Sunday, October 20, 2013

6 things I am wondering about discovery

I blogged 8 things we know about web scale discovery systems in 2013 , an attempt to summarize the current consensus after 4 years of web scale discovery service use in libraries and hundreds of research papers and presentation. (Not sure what they are?)

It was a post that seemed to be pretty widely shared and read, but drew no comments, from which I conclude I didn't really say much that was controversial.

This time, I am back to think aloud about things I feel about issues where things are still up in the air. The same qualifiers I made in the last post apply, I am not an "expert", my familiarity is mostly with Summon and to lesser degree EDS etc.  

Be warned it's a long ramble.

1. Are Blended results a good idea? Or should we implement Bento style search results?

The original incentive for discovery services, was because users were telling us they wanted a "one-search" to put all our results regardless of content type (particularly journal articles which were not in catalogues) into a single search "like google", instead of going to a separate silo for each type of content.

As such it seemed obvious, that the difficult part was to get all your content into a single index (those pesky content providers needed to agree), and presentation of results was a single matter of using relevancy ranking techniques similar to what web search engines do to order then.

However, currently doubts have began to surface about the wisdom of mixing up all the search results from different content types such as books, journal articles, newspaper articles etc together in one result list (the so called blended search model).

Some have pointed out that even Google has silos, for example the main google search does not (usually see later) mix up results from the main google search with Google books, Google Scholar, Google news.

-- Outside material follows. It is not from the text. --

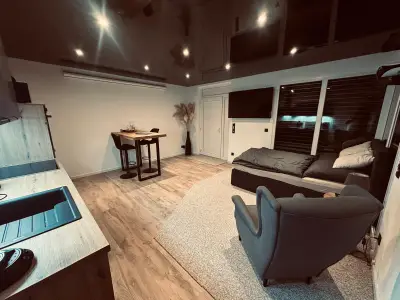 Wohn-Schlafraum Foto 2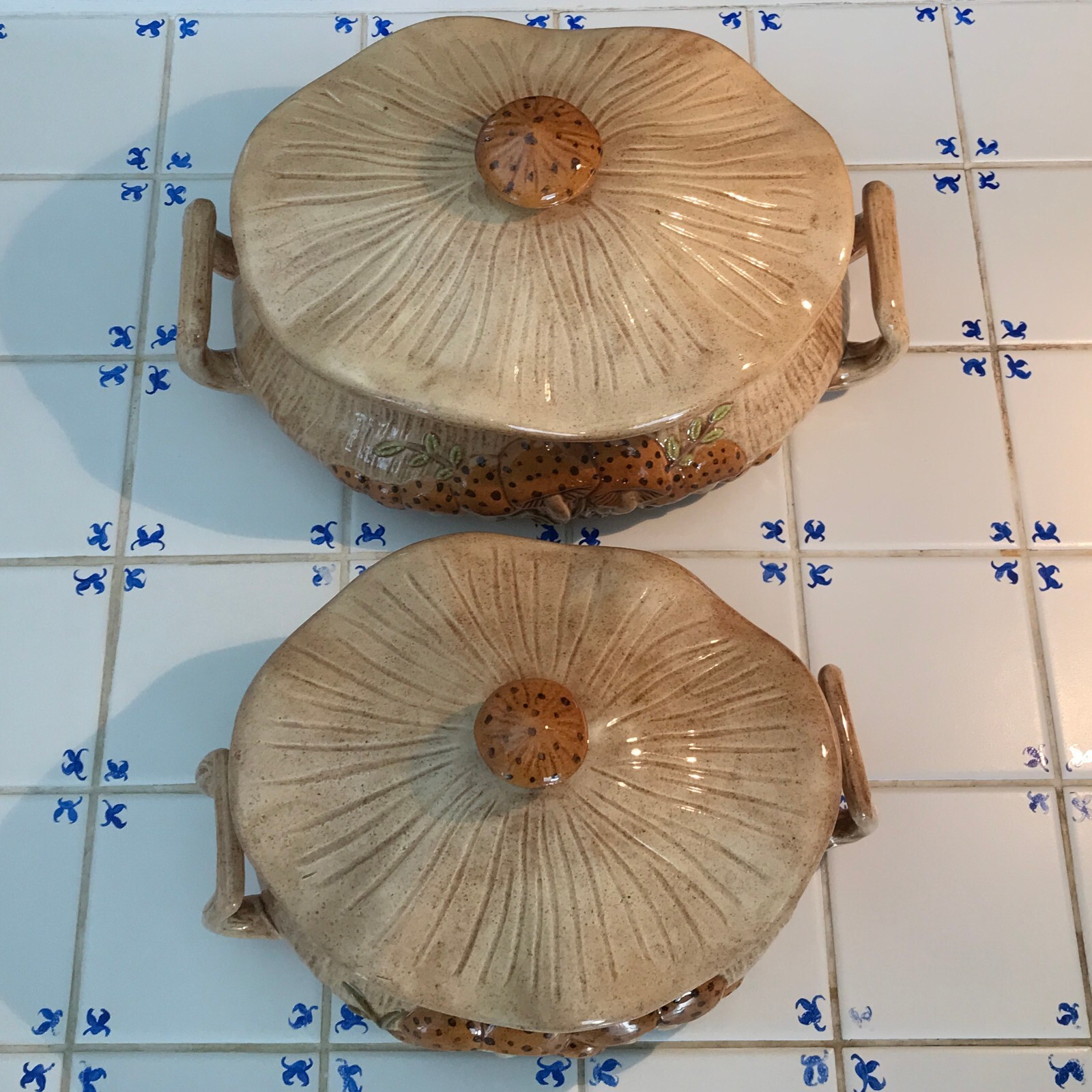 VTG ARNELS MUSHROOM 35 PIECE SET CASSEROLE PLATE BUTTER DISH TEAPOT SOUP BOWL... Без бренда - фотография #6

So what is to be done? An attempt is to improve that is becoming popular is to do a "bento style" results list, with results segregated by content types. Many University Libraries around the world such as Columbia University Library, NCSU State University Library, Princeton University Libraries, Dartmouth etc are doing so.

A point of clarification, I consider both simple two column style interfaces with "Books & more"  and "Articles" columns (e.g Villanova University's Vufind implementation is probably the most well known example) or results with multiple boxes (say NCSU's example) as both examples of bento style.


As noted here , there are different ways to achieve this from libraries loading the discovery index into open source systems such as VuFind, Blacklight, Xeres, or those who create their own custom jumping off webpage.

Why are bento style interfaces better? (What follows is mostly analysis given here)

First, it eases the burden on the relevancy algorithm, as currently the relevancy system must decide how to rank items from totally different content types with totally different amount of data to work with (eg some are full-text available, some metadata only)

Secondly, by including only a "book" or "books &more/catalog" bento box, it caters for faculty and research staff who care only for those items. This also can indirectly solve the known item search issue for books.

Thirdly there is mixed evidence on whether the blended style is what users want  according to a bibliographic Wilderness blog post. My own personal experience handling user feedback on Summon implementation here is that

i) As already mentioned, discovery services make finding of catalogue material occasionally harder, you can always filter for them but it slows down the process.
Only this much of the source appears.